The popularity of buai is plain to see in Port Moresby's splattered streets and footpaths if not on the blood-red grins of its people. Sold by street vendors and even used by primary school children, corporate management types and the odd government minister, there is a perception that a can of coke and a kina of buai is enough to work all day.

In any case, as both a mild stimulant and an appetite suppressant buai seems to have one up on the effects of caffeine for at least the working poor of PNG.

Just like the divisive habit of smoking, most people either quietly accept or condemn the habit.

Malum Nalu, a senior journalist for The National, is firmly in the camp against it. As part of his own personal crusade he regularly posts on his blog images of buai pekpek - the messy spat out remains - along with other rubbish strewn throughout Port Moresby's streets.

The government is also becoming more vocal about taking on the buai trade. In an effort to clean up the streets of the capital, there was a police crackdown on street vendors and buai markets in May.
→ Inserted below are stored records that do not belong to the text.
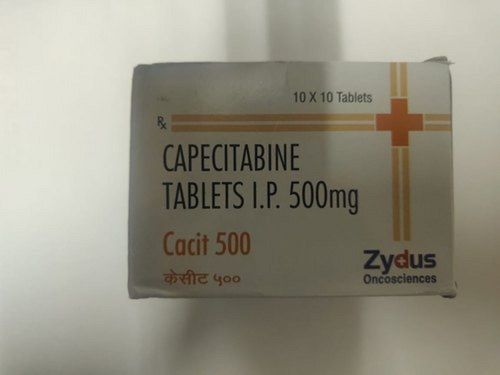 Mycophenolic Acid 360 Mg Tablets Cas No: 24280-93-1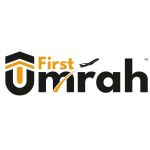 first umrahtours
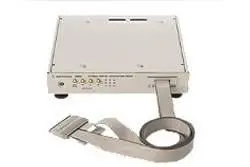 N4850a Agilent Logic Probe Used 1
Assistant police commissioner Francis Tokura even claimed this operation was for the benefit of street vendors because they were at risk of being targeted by criminals.

As the most media-savvy buai seller around, Namarong unsurprisingly picked apart the government motivations on his blog.

"The litter issue arises through inefficient public administration," he wrote. "Isn't the government paying someone for garbage disposal?"

What is less reported is that the crackdown on street vendors has failed to make a notable difference.

Namarong had no difficulties before his recent public speaking tour of eastern Australia and he told PNG Report a lot of other buai traders were unaffected.

While he said traders would always find ways to get around any government crackdown, Namarong said if betel nut markets were really affected there would political and economic implications. "People would take to the streets," he said.

"Why? Because it is the betel nut economy that subsidises the formal economy. Workers in Papua New Guinea get crap wages and they sell buai to supplement the family budget."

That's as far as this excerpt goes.